The basic reason for this is down to code generation by the compiler. PTX assembler has different virtual register state spaces for floating point and integer, and it (I think) isn't possible to perform a 64 bit load into two registers in different state spaces. So the compiler emits two 32 bit loads in the mixed integer/float struct, but can emit a 64 bit vector load into two registers in the float/float struct case.

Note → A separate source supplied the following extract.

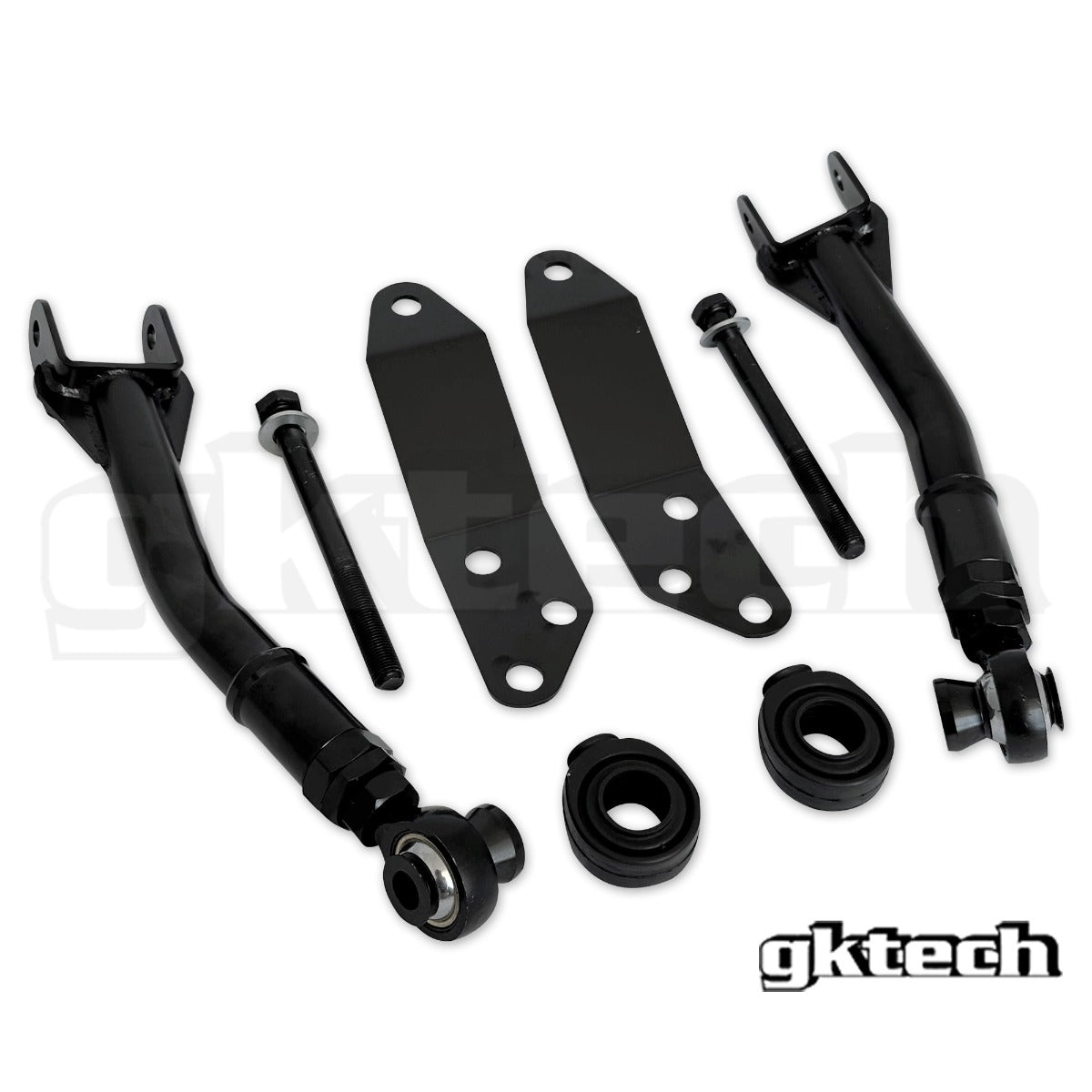 GKTech FR-S / GR86 / BRZ Traction mod + arm combo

This can be illustrated by considering the following model of your code:

struct __align__(8) ElementsB 
{
    float weight;
    float value;
};

struct __align__(8) ElementsA 
{
    float weight;
    int value;
};

template<typename T>
__global__ void kernel(const T* __restrict__ in, T* __restrict__ out, bool flag)
{
    int idx = threadIdx.x + blockIdx.x * blockDim.x;

    T ival = in[idx];
    if (flag) {
        out[idx] = ival;
    }
}


template __global__ void kernel<ElementsA>(const ElementsA *, ElementsA *, bool);
template __global__ void kernel<ElementsB>(const ElementsB *, ElementsB *, bool);

Here we have the two structures you mentioned, and a simple templated kernel instantiated for both types. If we look at the PTX emitted by the compiler for sm_20 (CUDA 5.0 release compiler), the differences are obvious. For the ElementsA instance:

    ld.param.u32    %r4, [_Z6kernelI9ElementsAEvPKT_PS1_b_param_0];
    ld.param.u32    %r5, [_Z6kernelI9ElementsAEvPKT_PS1_b_param_1];
    ld.param.u8     %rc1, [_Z6kernelI9ElementsAEvPKT_PS1_b_param_2];
    cvta.to.global.u32      %r1, %r5;
    cvta.to.global.u32      %r6, %r4;
    .loc 2 16 1
    mov.u32         %r7, %ntid.x;
    mov.u32         %r8, %ctaid.x;
    mov.u32         %r9, %tid.x;
    mad.lo.s32      %r2, %r7, %r8, %r9;
    .loc 2 18 1
    shl.b32         %r10, %r2, 3;
    add.s32         %r11, %r6, %r10;
    ld.global.u32   %r3, [%r11+4];  // 32 bit integer load
    ld.global.f32   %f1, [%r11];  // 32 bit floating point load

(comments added for emphasis)

and for the Element B instance:

    ld.param.u32    %r3, [_Z6kernelI9ElementsBEvPKT_PS1_b_param_0];
    ld.param.u32    %r4, [_Z6kernelI9ElementsBEvPKT_PS1_b_param_1];
    ld.param.u8     %rc1, [_Z6kernelI9ElementsBEvPKT_PS1_b_param_2];
    cvta.to.global.u32      %r1, %r4;
    cvta.to.global.u32      %r5, %r3;
    .loc 2 16 1
    mov.u32         %r6, %ntid.x;
    mov.u32         %r7, %ctaid.x;
    mov.u32         %r8, %tid.x;
    mad.lo.s32      %r2, %r6, %r7, %r8;
    .loc 2 18 1
    shl.b32         %r9, %r2, 3;
    add.s32         %r10, %r5, %r9;
    ld.global.v2.f32        {%f9, %f10}, [%r10];  // 64 bit float2 load

The reason there is no performance penalty between the two is that the underlying hardware uses 128 byte fetches for coalesced warp level loads, and in both cases the transactions result in the same pair of 128 byte fetches.